In der Morgendämmerung des 11. Juni macht sich ein Bauer aus einer entfernt liegen­den Ortschaft auf den Weg, um seine beiden Söhne zu suchen, die in Oradour zur Schu­le gingen. Höchstwahrscheinlich ist er der erste, der die Kirche in der Morgendämme­rung des 11. Juni betritt, während einige SS-Leute immer noch feiern. Er findet den ver­kohlten Leichnam seines sechsjährigen Sohnes.

Nach Hause zurückgekehrt, gehen er und seine Frau zur Kirche und wickeln den Leich­nam des Kindes in ein Laken. Der Mann sucht weiter nach seinem anderen Sohn: »Ich kniete nieder und blickte in die erstarrten Kindergesichter. Ich sah auch Kinderwagen mit toten Säuglingen, einige verbrannt, andere von Schüssen durchsiebt.« Den Leich­nam seines älteren Sohnes findet er nicht und geht nach Hause. »Am Abend gruben wir in unserem kleinen Garten ein Grab für André.« [3]

Keine Prozesse in der Bundesrepublik

Das Nürnberger Kriegsgericht gab an, dass mehr als 700 Menschen in Oradour umge­bracht worden waren. [4] Die heute gängige Zahl lautet 643. In der Kirche verbrannten 147 Schulkinder.

Im Jahre 1953 fand in Bordeaux ein Gerichtsprozess statt gegen 22 der Verbrecher von Oradour. Von den Hauptverantwortlichen waren einige »flüchtig«. Die Zeitung der Kom­munistischen Partei Frankreichs, die »l'Humanité« [5], verfolgte diesen Prozess und kriti­sierte, dass die Anwälte der Angeklagten ihn immer wieder behinderten; beispielsweise bestanden sie darauf, die Verfahren gegen die elsässischen SS-Männer von den Verfah­ren gegen die deutschen zu trennen. Proteste gleichen Inhalts kamen auch aus der Bevölkerung. Protestiert wurde außerdem gegen die Bundesrepublik, die die Täter, die auf ihrem Territorium lebten, nicht auslieferte. Das Gericht beschloss einige Amnestien und milde Strafen für Verurteilte; der letzte Inhaftierte verließ das Gefängnis nach neun Jahren. In der Bundesrepublik gab es Ermittlungsverfahren, keine Prozesse, keine Ver­urteilungen.

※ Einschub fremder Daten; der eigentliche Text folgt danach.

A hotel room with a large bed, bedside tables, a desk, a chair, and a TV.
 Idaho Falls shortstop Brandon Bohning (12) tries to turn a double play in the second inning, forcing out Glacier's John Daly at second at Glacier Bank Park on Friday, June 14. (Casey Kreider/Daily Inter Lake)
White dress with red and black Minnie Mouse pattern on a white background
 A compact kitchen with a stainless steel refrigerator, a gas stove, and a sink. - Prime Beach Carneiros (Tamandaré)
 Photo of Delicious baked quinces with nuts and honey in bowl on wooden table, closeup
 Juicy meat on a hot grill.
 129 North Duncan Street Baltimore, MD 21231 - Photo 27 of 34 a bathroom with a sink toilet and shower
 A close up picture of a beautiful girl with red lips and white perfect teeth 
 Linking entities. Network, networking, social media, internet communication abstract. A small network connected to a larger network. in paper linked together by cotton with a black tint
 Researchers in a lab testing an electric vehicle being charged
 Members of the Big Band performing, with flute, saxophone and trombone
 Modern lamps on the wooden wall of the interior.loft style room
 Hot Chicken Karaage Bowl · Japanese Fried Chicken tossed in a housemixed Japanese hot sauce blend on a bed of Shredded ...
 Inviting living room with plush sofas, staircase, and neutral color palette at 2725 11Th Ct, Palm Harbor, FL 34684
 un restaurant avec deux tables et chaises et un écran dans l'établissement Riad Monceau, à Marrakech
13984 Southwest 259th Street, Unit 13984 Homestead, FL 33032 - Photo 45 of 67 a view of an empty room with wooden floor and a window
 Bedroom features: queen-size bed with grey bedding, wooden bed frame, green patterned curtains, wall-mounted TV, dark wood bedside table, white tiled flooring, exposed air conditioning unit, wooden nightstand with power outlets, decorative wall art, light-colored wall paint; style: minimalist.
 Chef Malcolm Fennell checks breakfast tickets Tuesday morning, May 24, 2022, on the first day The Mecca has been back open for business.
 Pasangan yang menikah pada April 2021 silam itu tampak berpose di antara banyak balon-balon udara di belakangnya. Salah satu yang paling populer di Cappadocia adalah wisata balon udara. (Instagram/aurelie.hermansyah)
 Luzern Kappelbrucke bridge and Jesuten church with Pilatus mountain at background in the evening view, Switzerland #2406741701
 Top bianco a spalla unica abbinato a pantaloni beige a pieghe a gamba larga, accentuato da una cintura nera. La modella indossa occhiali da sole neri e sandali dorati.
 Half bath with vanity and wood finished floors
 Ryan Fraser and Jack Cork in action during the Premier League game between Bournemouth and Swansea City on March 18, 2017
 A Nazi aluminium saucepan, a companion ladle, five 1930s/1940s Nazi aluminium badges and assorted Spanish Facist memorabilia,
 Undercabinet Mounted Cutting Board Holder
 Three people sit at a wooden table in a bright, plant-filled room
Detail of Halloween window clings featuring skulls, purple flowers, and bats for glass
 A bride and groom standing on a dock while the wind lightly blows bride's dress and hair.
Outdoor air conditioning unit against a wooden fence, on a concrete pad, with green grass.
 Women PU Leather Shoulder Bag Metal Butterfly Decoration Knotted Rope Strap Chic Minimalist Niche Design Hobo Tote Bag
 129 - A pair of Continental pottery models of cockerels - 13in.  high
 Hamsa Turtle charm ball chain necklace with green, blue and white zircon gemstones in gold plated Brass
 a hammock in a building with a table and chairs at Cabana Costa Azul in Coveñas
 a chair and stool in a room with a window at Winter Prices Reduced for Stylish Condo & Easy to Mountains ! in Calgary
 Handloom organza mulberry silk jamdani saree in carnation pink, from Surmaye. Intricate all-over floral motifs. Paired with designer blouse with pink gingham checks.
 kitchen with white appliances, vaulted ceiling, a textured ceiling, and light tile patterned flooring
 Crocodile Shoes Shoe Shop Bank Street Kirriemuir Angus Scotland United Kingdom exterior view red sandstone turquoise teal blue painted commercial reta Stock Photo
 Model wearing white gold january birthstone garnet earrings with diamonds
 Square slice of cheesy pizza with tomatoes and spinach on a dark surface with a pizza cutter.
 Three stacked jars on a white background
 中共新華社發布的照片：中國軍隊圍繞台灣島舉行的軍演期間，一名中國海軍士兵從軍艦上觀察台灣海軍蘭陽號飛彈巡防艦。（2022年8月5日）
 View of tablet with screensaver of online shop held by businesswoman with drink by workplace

Heinz Barth, einer der verantwortlichen SS-Offiziere, lebte bis 1981 unerkannt in der DDR. Er wurde 1983 zu lebenslanger Gefängnisstrafe verurteilt. Die Justiz der Bundes­republik entließ ihn 1997 aus der Haft.

Unser KPF-Mitglied Erhard Stenzel (gestorben 2021) musste mit 17 Jahren Wehr­machtssoldat werden, desertierte in Frankreich und wurde Mitglied der Résistance. Zusammen mit seiner Formation und einer anglo-amerikanischen Einheit kam er Mitte Juni 1944 nach Oradour: »Ich habe zweimal in meinem Leben geweint. Das erste Mal in Oradour, das zweite Mal ein paar Monate später: Ich durfte dabei sein, als Paris sich befreit hat.«

 

Anmerkungen:

[1] Zitiert nach Przybylski, Peter, und Busse, Horst, Mörder von Oradour, Berlin (DDR) 1986, S. 47.

[2] Ebd., S. 45 f.

[3] Ebd., S. 90.

[4] Der Prozeß gegen die Hauptkriegsverbrecher, Nürnberg 1949, Bd. XXXVII, S. 15.

[5] Einzelheiten bei Karl Stitzer, Mordprozeß Oradour – nach Prozeßberichten der »Humanité«, Berlin (DDR) 1954.